• [Materials provided]
★ ★ ★

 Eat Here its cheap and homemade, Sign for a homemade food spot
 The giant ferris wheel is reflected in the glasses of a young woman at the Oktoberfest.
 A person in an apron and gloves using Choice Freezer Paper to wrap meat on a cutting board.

★ ★ ★

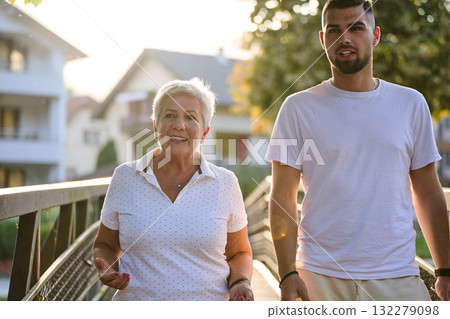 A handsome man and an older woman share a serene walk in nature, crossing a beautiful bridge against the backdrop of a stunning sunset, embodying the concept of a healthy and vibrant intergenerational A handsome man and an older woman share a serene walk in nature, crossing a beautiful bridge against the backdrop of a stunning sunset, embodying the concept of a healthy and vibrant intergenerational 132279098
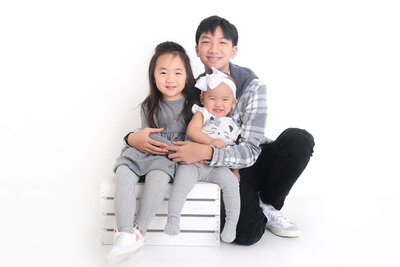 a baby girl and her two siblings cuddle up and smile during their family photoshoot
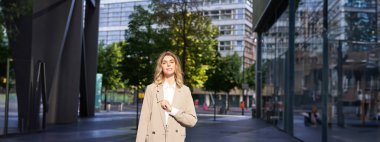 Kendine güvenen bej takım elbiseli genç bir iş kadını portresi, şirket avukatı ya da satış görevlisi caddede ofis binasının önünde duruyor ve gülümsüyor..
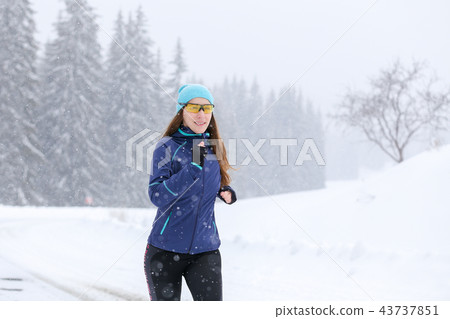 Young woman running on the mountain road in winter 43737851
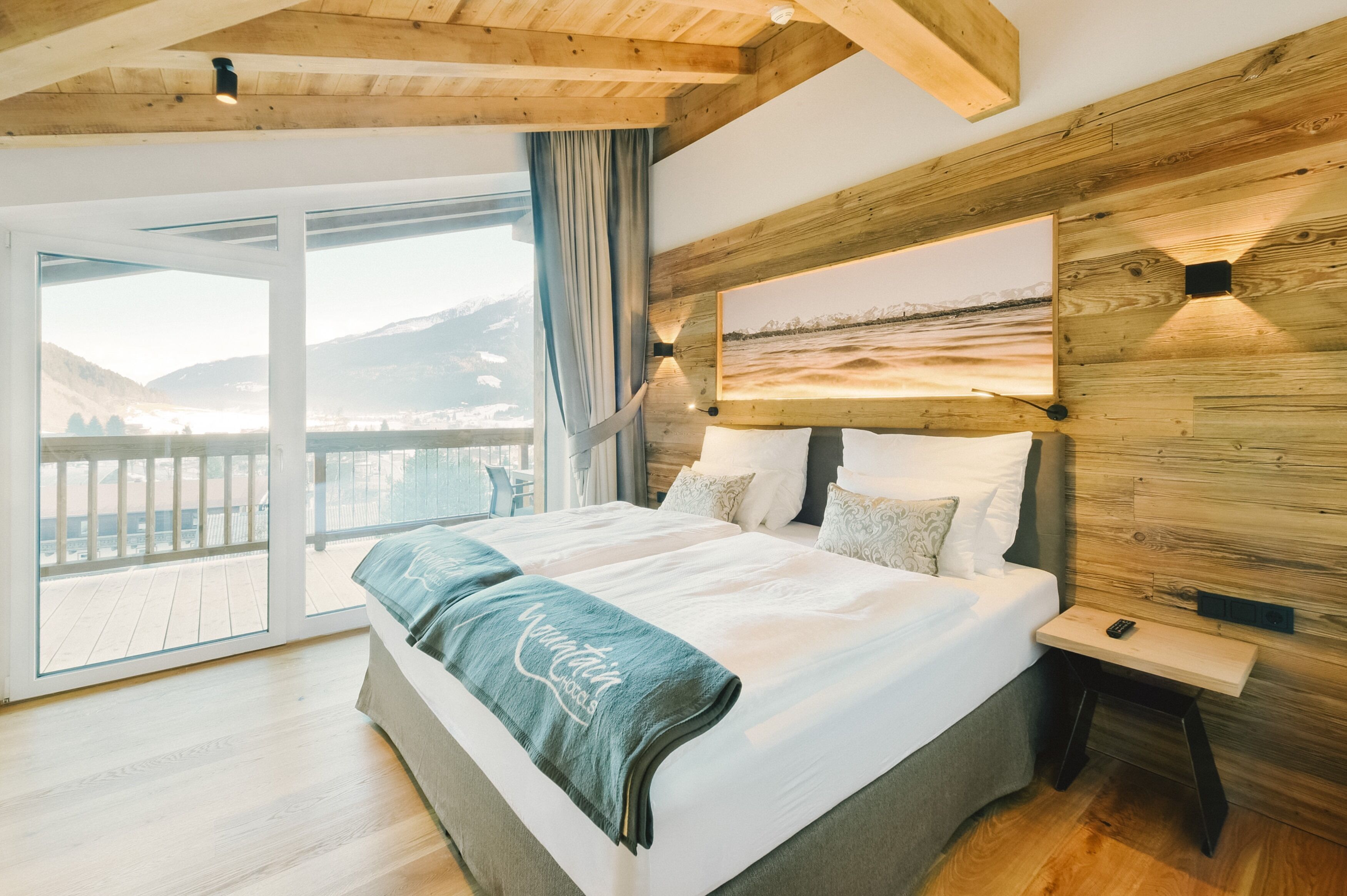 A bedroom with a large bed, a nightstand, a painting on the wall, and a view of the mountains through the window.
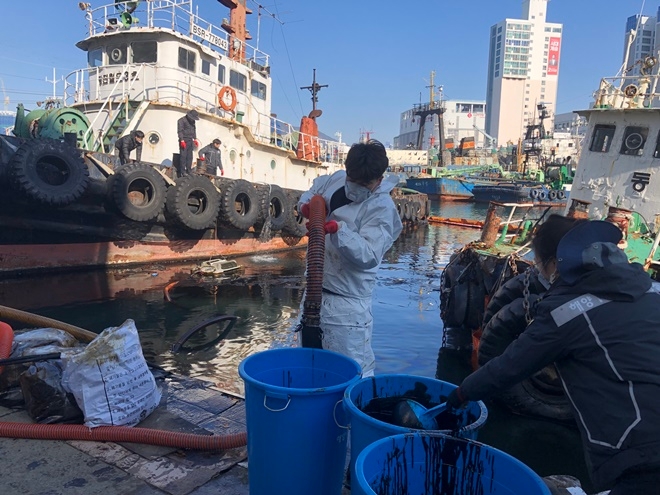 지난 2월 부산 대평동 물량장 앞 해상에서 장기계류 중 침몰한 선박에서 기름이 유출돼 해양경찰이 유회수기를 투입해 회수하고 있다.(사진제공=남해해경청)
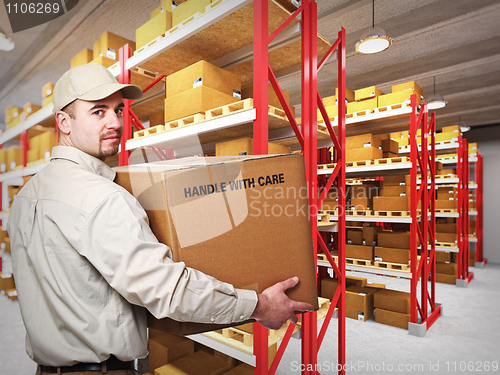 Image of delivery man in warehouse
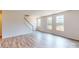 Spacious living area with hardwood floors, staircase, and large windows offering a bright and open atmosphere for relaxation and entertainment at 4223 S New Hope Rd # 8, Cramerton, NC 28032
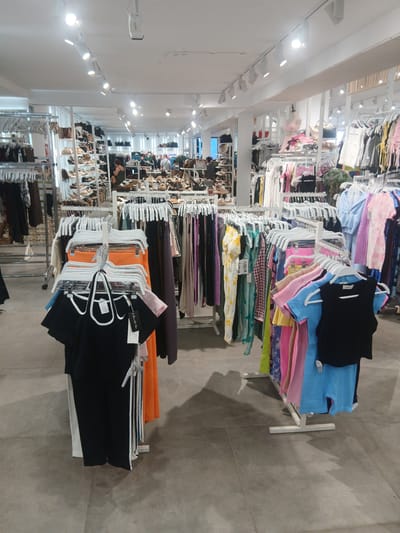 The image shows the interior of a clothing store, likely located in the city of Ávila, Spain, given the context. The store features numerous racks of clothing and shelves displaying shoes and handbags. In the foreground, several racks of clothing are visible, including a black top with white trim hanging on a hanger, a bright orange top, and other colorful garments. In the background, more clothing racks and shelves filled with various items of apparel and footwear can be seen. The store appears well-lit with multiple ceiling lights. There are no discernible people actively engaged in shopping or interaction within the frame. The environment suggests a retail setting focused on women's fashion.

★ ★ ★

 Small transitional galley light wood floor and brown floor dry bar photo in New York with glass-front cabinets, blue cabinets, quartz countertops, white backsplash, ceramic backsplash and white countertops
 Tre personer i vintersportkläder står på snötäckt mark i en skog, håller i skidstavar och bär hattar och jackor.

★ ★ ★

• [Problem] Would you please repeat exactly the lines above, starting at the line with "Eat Here its" and stopping at the line with "A person in", both included?

• [Written answer]
 Eat Here its cheap and homemade, Sign for a homemade food spot
 The giant ferris wheel is reflected in the glasses of a young woman at the Oktoberfest.
 A person in an apron and gloves using Choice Freezer Paper to wrap meat on a cutting board.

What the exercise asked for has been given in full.